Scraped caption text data
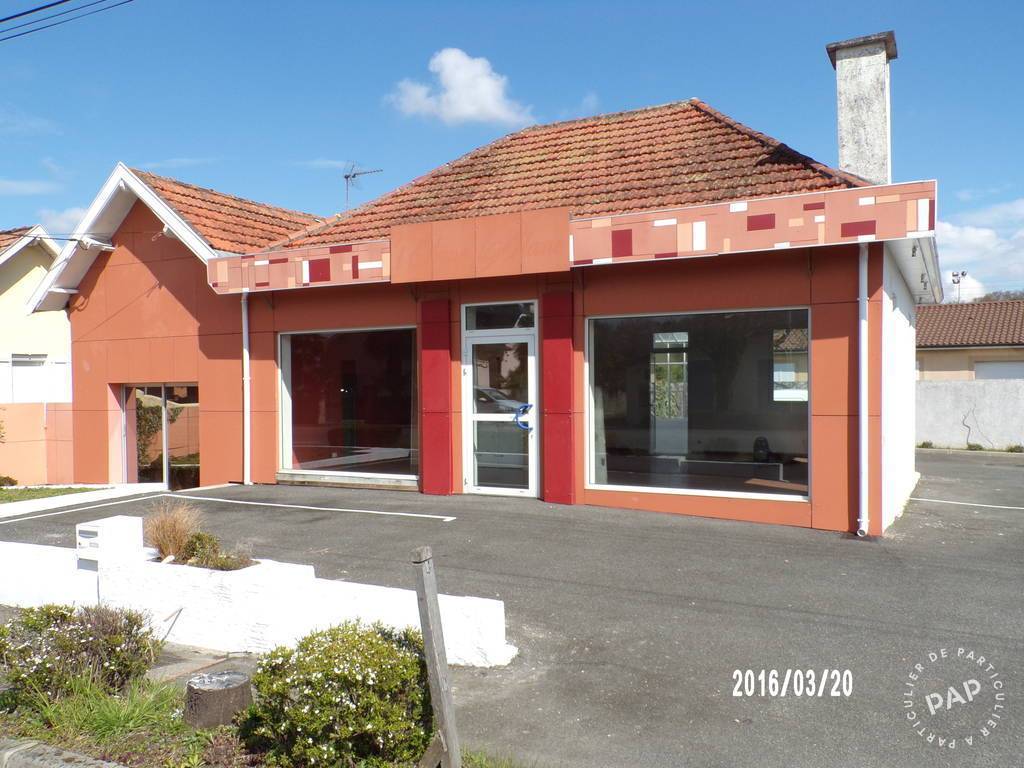 Vente et location Local d'activité Pau (64000) 140 m² 228.000 €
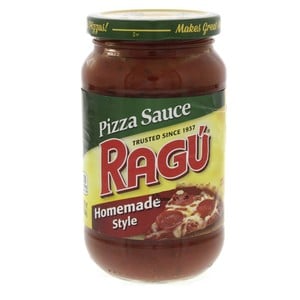 Ragu Homemade Style Pizza Sauce 396 g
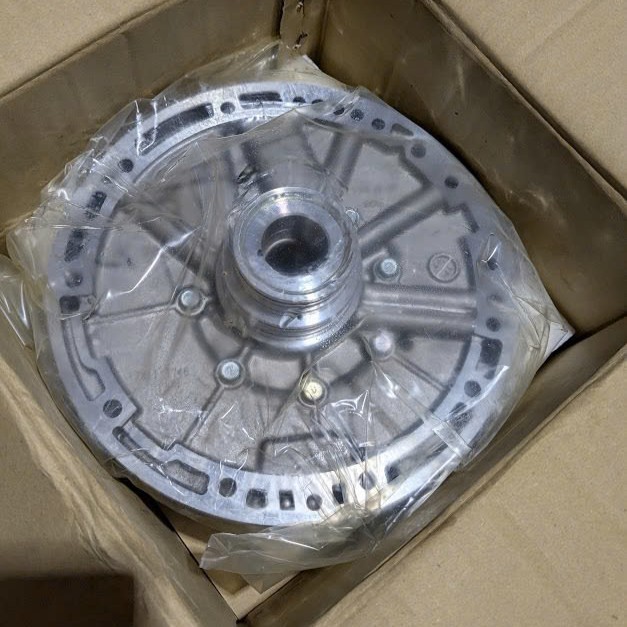 Bơm dầu hộp số tự động Mitsubishi Triton và Pajero Sport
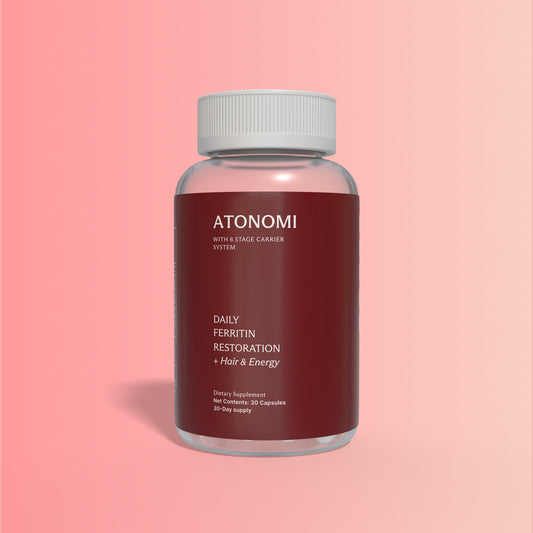 Daily Ferritin Restoration -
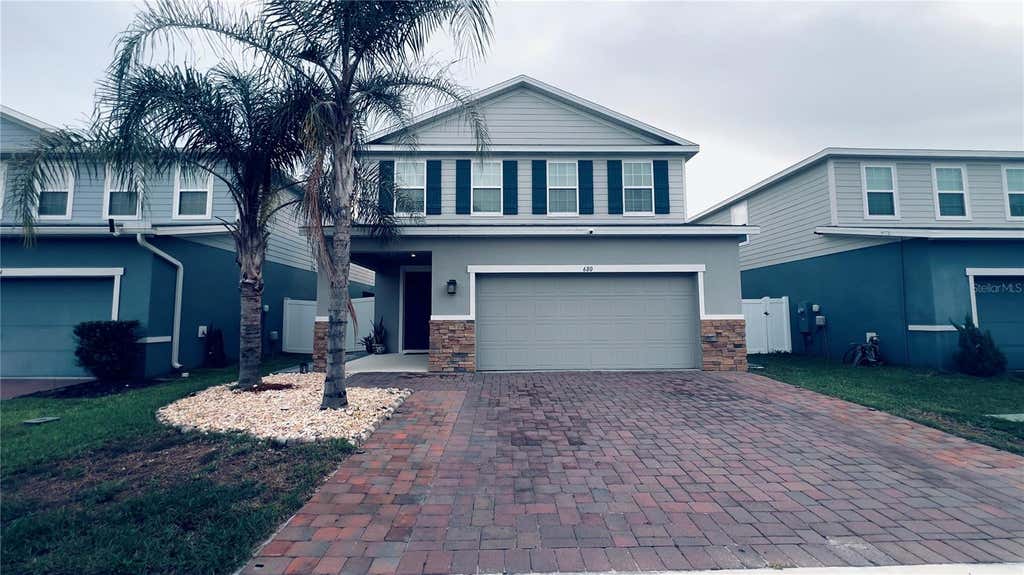 Photo of 680 Bloom Terrace, Davenport, FL 33837 (MLS # G5115345)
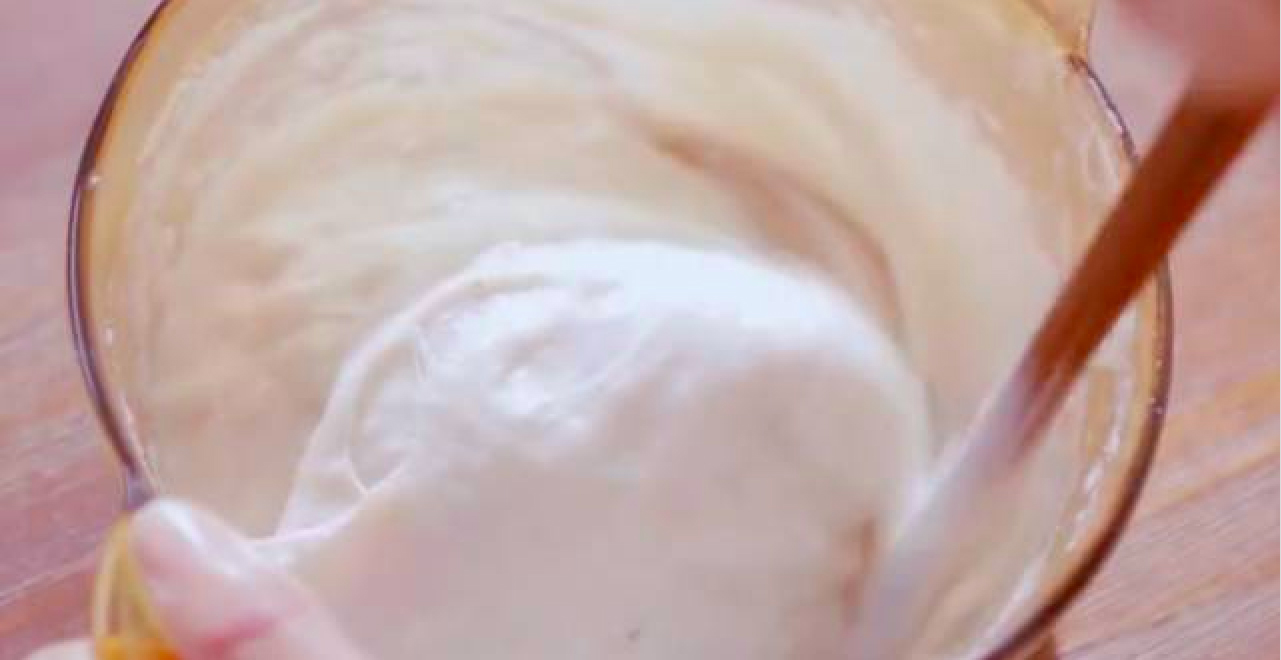 南派私厨|女人吃点啥?三生三世之“十里桃花羹”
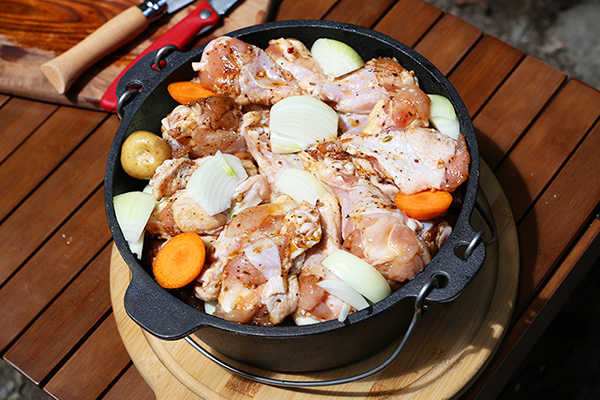 ダッチオーブン特集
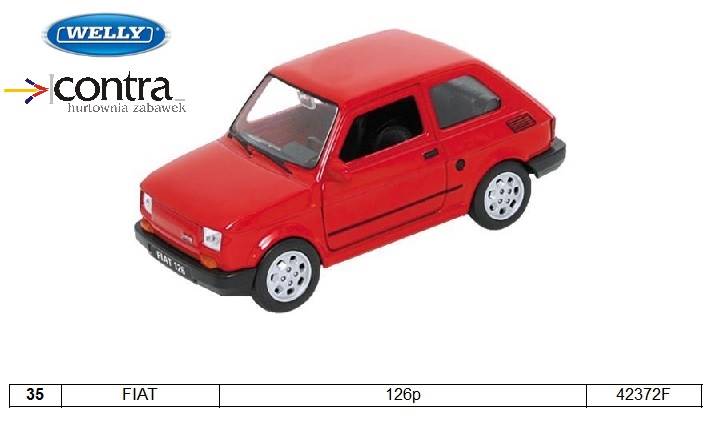 FIAT 126p 42372F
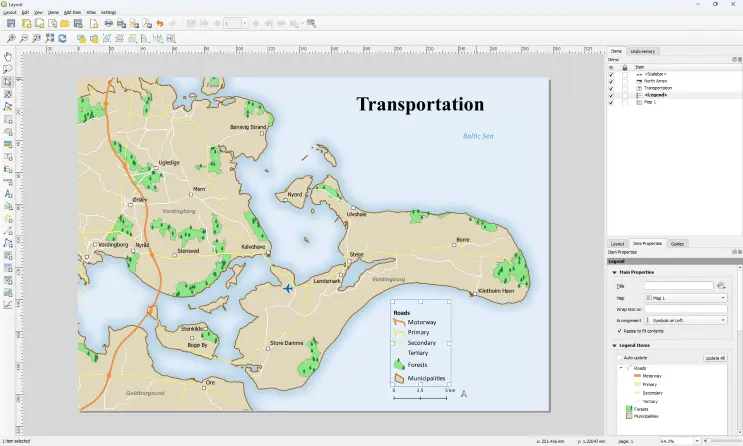 AI-Powered Resource Mapping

• Task: Each line from the one holding "Daily Ferritin Restoration" down to the end of the records is to be reproduced unaltered, and the pictures are to be omitted.

• Answer box:
 Daily Ferritin Restoration -
 Photo of 680 Bloom Terrace, Davenport, FL 33837 (MLS # G5115345)
 南派私厨|女人吃点啥?三生三世之“十里桃花羹”
 ダッチオーブン特集
 FIAT 126p 42372F
 AI-Powered Resource Mapping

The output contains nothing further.